Wenn ich es genau überlege, sind bei uns Stabilität und Flexibilität keine Gegenpole zueinander, sondern vielmehr zwei Seiten einer Medaille: Wir haben mit unseren drei Themenblöcken in der Aufbauorganisation einen stabilen Rahmen, der Sicherheit gibt und die Passfähigkeit in den Konzern stützt. Die flexiblen Strukturen innerhalb der Themenblöcke ermöglichen gleichzeitig permanente Veränderungen und Weiterentwicklung der Abläufe in der Organisationseinheit.

Beides in Kombination schafft einen großen Mehrwert für die Organisationseinheit. Sehen Sie: Die Situationen und das Umfeld ändern sich ja stetig – die Welt steht nicht, sondern dreht sich kontinuierlich weiter. Im Kern geht es also darum, ein gesundes Gleichgewicht zwischen Stabilität und Flexibilität zu finden, das zu den Themen und zur jeweiligen Situation passt, aber auch zu den Menschen. Ein ständiger Change, der Stabilität und Flexibilität ineinander verzahnt.

Aber verstehen Sie: Der Change gehört einfach dazu, er ist ein selbstverständlicher Bestandteil. Und der große Vorteil einer agilen Organisation ist aus meiner Sicht, dass sie genau diesen Change ermöglicht, da ja auch alle Menschen involviert sind.

Wie sieht das Entgeltsystem dann in Ihrer agilen Organisation aus. Werden die Menschen gemäß ihren Rollen bezahlt?

Bei uns gibt es ganz normale Stellenbeschreibungen. Nicht jede Rolle ist gleich groß. Auch kann eine Stellenbeschreibung mehrere Rollen umfassen. Die Bewertung der Stellen erfolgt nach Konzernprozess.

Nun noch einige Fragen zu Ihnen als Privatperson mit der Bitte, spontan zu antworten. Ich nenne Ihnen nachfolgend drei Begriffspaare, die Pole zueinander darstellen. Welche Bedeutung haben diese Pole für Ihr Leben? Sie können jeweils 100% verteilen:

Planung: 50% Spontaneität: 50%
Rationalität: 50% Intuition: 50%
Sicherheit: 30% Mut: 70%

Wenn Sie zur Ruhe kommen möchten – wie sieht Ihr Ruheraum aus und wo befindet er sich?

Zu Hause auf dem Sofa.

Wenn Sie in Ihrem Leben etwas verändern könnten und die Garantie hätten, damit Erfolg zu haben – was würden Sie dann anders machen?

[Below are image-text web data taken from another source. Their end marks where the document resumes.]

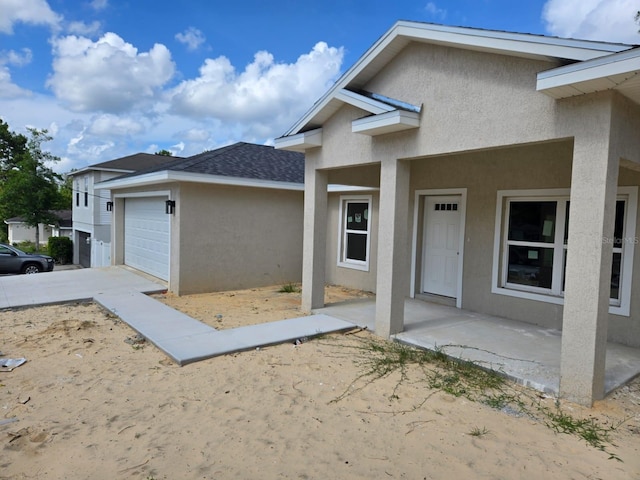 11139 N Sonnet Ter, Citrus Springs, FL 34433 - view of property exterior with stucco siding, an attached garage, and a shingled roof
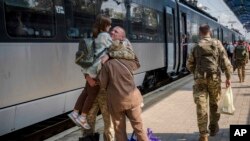 Seorang tentara Ukraina memeluk anak dan istrinya di stasiun kereta api di Sloviansk, Ukraina, pada 12 September 2023. Tentara tersebut akan menaiki kereta untuk berangkat menuju garis depan pertempuran di Kramatorsk. (Foto: AP/Hanna Arhirova)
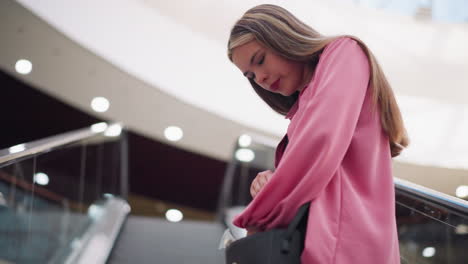 joven vestida con un vestido rosado y una camiseta negra en una escalera mecánica, buscando en su bolsa negra, pareciendo reflexiva, la escalera se mueve hacia arriba mientras ella revisa su bolsa con concentración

Ich wäre mehr im sonnigen Süden unterwegs.

Welche Geschichte über sich möchten Sie in 50 Jahren Ihren Enkeln erzählen können?

Viele lustige Geschichten, die ich selbst erlebt habe und mit denen ich mich auch ein wenig auf die Schippe nehmen kann.

Welche Farbe hat für Sie persönlich das aktuelle Jahr?

Bordeauxrot mit ein paar Schattierungen blau.

Auf einer Skala von 1 bis 10: Wie fanden Sie die Schokolade?

Verkostet wurde eine Schokolade von Dr. A.: Zarte Vollmilchschokolade mit Haselnüssen und Karamelcrunch.

11 von 10 Punkten – ich muss gestehen nachdem ich das erste Stück gegessen hatte, hat es nicht lange gedauert und die Tafel war weg 😉

Frau Gottfried, vielen Dank für das Gespräch!

Das Gespräch führte Prof. Dr. Bernd Ahrendt.